Stored items:
....

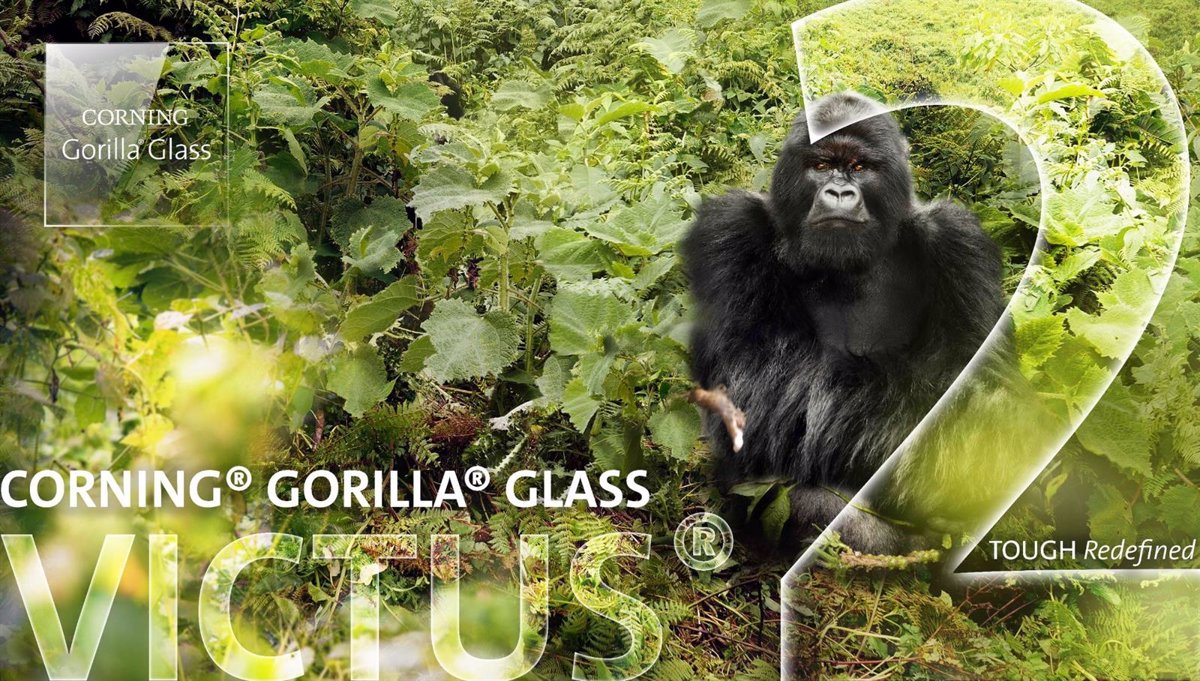 The new Gorilla Glass Victus 2 glass provides better protection against falls into concrete and asphalt surfaces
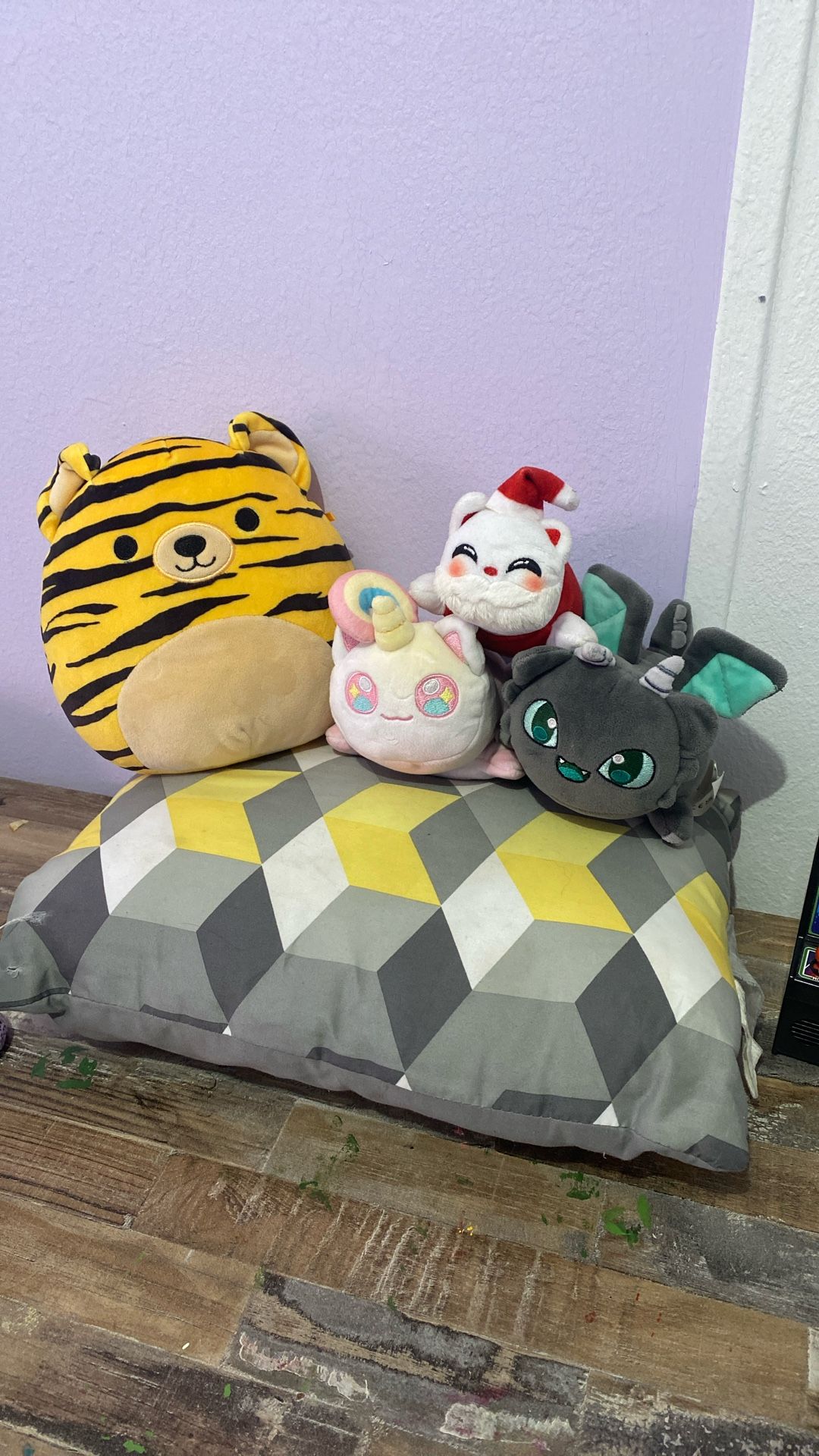 plushies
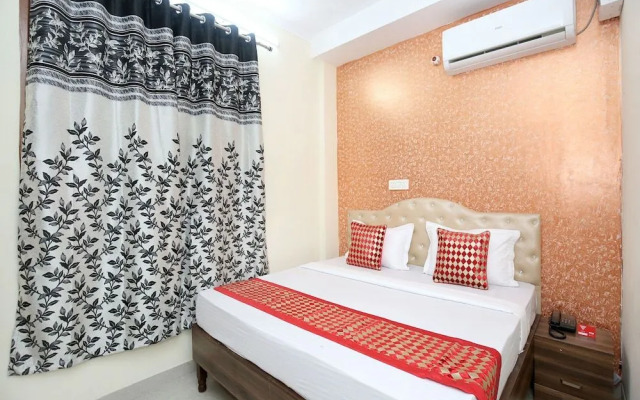 OYO 12745 Hotel Red House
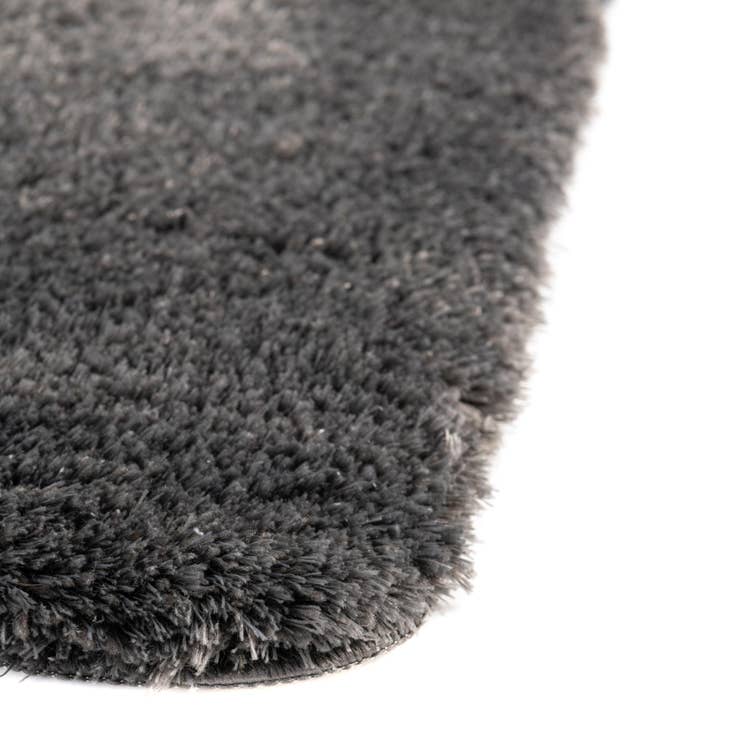 Detail image of 1' 8 x 2' 7 Bano Luxe Bath Mat
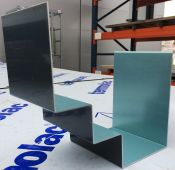 Couvre joint aluminium prélaqué RAL7016S chéneau en escalier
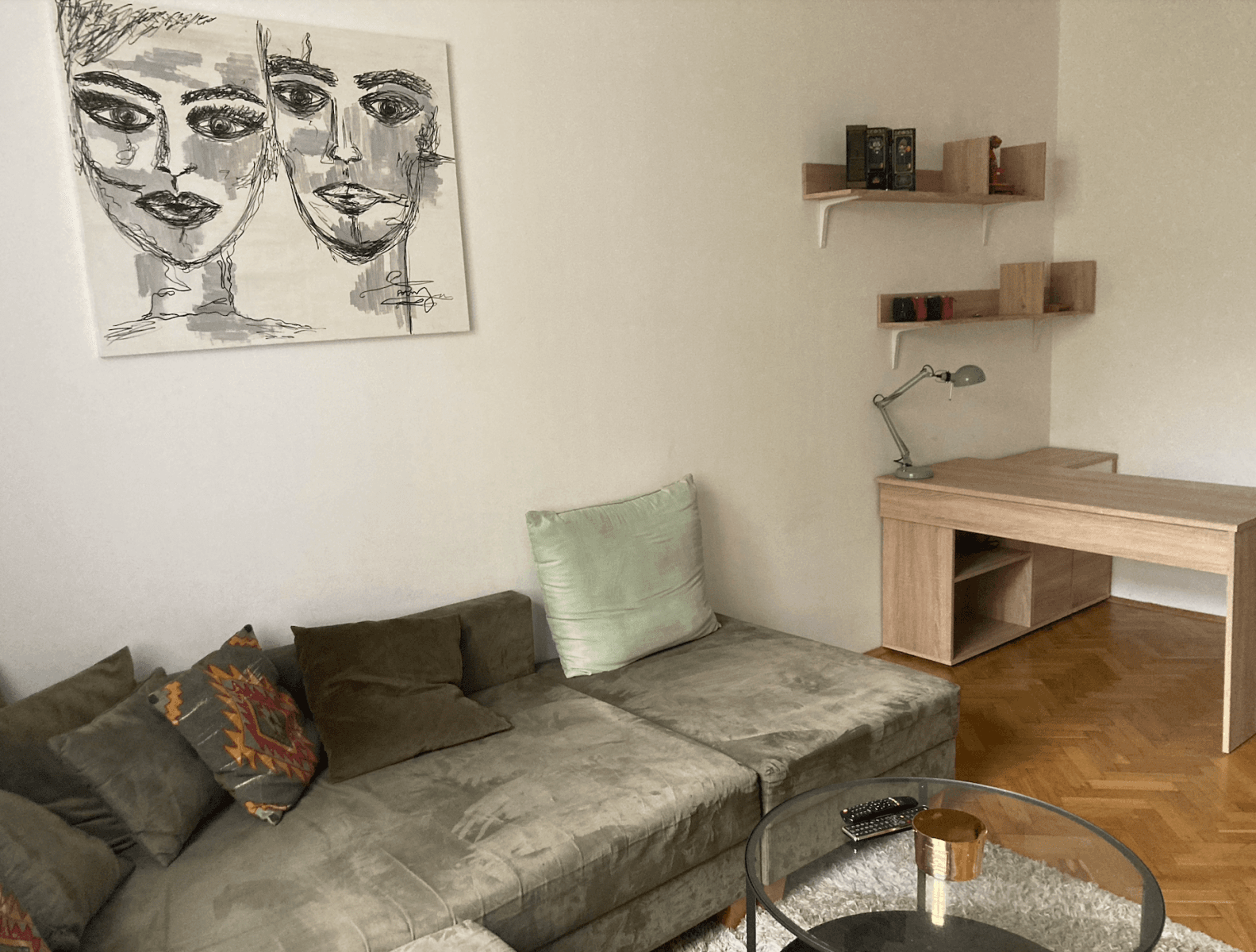 Prenájom bytu 3-izbový 98 m², Murgašova, Bratislava - mestská časť Staré Mesto, Bratislavský kraj Prenájom bytu 3-izbový 98 m², Murgašova, Bratislava - mestská časť Staré Mesto, Bratislavský kraj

....

### ASSIGNMENT
Go through the data above and print exactly the lines from its first line through the line holding "Couvre joint aluminium", both included, leaving pictures aside.

### RESULT FOR THIS EXERCISE
 The new Gorilla Glass Victus 2 glass provides better protection against falls into concrete and asphalt surfaces
 plushies
 OYO 12745 Hotel Red House
 Detail image of 1' 8 x 2' 7 Bano Luxe Bath Mat
 Couvre joint aluminium prélaqué RAL7016S chéneau en escalier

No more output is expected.